### GOAL OF THE EXERCISE
Count how many lines below include the string "Close". Only that number should appear in the reply.

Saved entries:
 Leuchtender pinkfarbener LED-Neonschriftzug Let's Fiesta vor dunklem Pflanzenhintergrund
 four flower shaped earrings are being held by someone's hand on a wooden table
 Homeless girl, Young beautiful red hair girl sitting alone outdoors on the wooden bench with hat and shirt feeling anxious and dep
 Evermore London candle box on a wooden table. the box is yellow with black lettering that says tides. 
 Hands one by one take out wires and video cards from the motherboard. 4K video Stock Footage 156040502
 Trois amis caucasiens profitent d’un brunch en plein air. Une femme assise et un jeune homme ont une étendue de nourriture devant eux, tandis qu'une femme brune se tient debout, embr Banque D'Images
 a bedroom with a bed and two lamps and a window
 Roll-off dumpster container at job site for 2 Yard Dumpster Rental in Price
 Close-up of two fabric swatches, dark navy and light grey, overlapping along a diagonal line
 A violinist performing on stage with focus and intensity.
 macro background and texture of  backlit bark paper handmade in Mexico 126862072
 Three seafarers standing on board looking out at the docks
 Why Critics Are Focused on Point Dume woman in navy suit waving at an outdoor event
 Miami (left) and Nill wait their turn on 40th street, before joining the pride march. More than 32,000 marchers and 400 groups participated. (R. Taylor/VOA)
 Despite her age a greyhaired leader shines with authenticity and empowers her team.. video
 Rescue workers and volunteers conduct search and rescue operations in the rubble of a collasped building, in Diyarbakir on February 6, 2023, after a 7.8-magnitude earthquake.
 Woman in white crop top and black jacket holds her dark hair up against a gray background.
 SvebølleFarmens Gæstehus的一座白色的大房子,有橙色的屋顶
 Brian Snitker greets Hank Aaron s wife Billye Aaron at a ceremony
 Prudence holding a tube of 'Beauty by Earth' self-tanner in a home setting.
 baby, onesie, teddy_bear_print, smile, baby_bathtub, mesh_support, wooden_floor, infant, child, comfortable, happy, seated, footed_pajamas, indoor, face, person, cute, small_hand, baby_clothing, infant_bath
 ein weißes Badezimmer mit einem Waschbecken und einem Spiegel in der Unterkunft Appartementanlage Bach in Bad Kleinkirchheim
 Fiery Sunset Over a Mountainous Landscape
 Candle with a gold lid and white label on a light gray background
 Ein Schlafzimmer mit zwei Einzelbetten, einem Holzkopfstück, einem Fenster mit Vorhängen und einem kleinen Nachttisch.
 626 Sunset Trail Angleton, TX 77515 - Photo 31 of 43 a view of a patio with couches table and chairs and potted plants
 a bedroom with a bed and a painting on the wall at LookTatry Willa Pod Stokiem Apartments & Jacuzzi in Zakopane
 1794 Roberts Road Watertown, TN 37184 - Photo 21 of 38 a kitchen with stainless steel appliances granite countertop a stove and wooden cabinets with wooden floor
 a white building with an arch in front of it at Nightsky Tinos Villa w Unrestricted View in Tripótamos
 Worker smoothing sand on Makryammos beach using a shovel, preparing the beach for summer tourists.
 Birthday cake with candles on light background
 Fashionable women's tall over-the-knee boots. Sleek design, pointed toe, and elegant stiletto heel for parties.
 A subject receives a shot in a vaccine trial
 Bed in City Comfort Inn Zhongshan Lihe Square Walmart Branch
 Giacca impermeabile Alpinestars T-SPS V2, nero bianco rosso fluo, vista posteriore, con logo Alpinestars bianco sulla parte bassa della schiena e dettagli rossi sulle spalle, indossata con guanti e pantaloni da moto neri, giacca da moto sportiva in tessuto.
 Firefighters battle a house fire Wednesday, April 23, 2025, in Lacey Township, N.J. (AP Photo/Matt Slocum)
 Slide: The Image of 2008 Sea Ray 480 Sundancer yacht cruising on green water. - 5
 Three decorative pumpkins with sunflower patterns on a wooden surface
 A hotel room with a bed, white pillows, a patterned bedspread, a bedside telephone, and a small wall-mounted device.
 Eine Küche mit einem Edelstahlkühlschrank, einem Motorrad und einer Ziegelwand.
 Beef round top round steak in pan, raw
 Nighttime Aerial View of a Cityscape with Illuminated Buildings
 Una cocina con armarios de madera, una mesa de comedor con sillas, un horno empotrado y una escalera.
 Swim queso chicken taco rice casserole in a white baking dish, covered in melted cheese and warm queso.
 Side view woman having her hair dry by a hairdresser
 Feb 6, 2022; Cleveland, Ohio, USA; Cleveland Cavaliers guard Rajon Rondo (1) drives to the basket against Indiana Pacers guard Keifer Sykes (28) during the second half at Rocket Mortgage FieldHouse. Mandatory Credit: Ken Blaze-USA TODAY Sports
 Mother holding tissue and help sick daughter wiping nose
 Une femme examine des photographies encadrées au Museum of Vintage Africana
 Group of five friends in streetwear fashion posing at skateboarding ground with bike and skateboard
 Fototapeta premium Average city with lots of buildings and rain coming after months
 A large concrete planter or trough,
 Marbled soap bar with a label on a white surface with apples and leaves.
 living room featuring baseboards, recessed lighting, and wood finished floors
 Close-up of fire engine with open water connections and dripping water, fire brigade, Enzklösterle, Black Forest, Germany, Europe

### RESULT
2